BEGIN
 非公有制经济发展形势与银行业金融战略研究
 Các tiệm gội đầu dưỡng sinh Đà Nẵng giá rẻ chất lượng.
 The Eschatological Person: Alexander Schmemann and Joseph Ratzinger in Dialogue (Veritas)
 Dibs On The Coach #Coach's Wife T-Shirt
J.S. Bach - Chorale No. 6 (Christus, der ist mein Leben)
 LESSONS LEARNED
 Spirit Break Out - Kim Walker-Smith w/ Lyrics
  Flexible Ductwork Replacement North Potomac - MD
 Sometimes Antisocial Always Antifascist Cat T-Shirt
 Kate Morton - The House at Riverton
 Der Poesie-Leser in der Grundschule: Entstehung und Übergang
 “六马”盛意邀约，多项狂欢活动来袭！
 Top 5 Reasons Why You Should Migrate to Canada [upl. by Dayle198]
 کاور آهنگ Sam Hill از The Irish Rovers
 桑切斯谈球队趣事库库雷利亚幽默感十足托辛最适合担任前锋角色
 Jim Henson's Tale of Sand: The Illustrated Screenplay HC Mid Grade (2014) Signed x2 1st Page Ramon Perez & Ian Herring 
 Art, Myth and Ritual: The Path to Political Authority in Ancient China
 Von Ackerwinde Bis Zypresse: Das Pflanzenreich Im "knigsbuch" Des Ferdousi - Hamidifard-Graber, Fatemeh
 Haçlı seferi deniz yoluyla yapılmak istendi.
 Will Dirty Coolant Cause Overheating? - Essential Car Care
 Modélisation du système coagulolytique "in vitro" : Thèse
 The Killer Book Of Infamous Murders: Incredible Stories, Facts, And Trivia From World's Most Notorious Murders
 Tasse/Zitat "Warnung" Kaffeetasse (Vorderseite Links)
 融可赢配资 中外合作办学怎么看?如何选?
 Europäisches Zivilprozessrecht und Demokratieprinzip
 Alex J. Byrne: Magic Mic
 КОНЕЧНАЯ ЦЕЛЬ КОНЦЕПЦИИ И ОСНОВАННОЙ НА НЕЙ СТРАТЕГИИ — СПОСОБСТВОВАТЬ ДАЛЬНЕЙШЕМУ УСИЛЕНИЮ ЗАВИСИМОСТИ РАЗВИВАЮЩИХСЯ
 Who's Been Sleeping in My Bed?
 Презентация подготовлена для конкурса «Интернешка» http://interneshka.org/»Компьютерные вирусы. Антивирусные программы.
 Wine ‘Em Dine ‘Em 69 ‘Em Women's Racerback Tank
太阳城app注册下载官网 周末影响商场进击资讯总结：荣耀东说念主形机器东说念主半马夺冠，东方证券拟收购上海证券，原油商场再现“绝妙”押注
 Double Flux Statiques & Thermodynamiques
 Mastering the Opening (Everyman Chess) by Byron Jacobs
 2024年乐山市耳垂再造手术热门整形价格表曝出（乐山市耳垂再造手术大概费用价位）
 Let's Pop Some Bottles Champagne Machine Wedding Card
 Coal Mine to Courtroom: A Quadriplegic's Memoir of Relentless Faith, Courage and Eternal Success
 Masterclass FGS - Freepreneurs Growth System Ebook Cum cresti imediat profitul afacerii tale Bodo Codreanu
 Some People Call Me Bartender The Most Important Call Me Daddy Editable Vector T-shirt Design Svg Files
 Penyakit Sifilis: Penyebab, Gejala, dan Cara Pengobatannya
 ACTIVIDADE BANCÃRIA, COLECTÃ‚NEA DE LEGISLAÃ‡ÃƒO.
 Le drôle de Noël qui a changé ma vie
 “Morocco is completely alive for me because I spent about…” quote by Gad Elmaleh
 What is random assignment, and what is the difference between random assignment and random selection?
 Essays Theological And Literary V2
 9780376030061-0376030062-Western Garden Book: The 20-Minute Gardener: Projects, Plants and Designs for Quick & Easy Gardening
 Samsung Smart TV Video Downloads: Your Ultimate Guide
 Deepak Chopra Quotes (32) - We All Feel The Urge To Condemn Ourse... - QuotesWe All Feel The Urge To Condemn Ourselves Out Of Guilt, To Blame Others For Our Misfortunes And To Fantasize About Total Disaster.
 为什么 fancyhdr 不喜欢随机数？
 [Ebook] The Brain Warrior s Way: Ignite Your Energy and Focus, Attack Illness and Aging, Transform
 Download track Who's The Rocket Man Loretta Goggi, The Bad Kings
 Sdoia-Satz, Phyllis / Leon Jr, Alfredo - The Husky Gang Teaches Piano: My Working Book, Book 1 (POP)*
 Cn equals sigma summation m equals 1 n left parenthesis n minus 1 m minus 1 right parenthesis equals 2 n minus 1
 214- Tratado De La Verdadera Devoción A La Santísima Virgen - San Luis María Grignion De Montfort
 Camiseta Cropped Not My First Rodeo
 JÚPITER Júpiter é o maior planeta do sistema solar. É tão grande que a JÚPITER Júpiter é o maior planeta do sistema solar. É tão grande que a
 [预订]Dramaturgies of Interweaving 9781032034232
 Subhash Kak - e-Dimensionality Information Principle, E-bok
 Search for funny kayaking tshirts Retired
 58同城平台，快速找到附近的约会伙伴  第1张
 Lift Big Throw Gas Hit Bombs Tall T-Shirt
END
▶ [PROMPT]:
Pull every line with the word "Most" from the data.

▶ [EXERCISE SOLUTION]:
 The Killer Book Of Infamous Murders: Incredible Stories, Facts, And Trivia From World's Most Notorious Murders
 Some People Call Me Bartender The Most Important Call Me Daddy Editable Vector T-shirt Design Svg Files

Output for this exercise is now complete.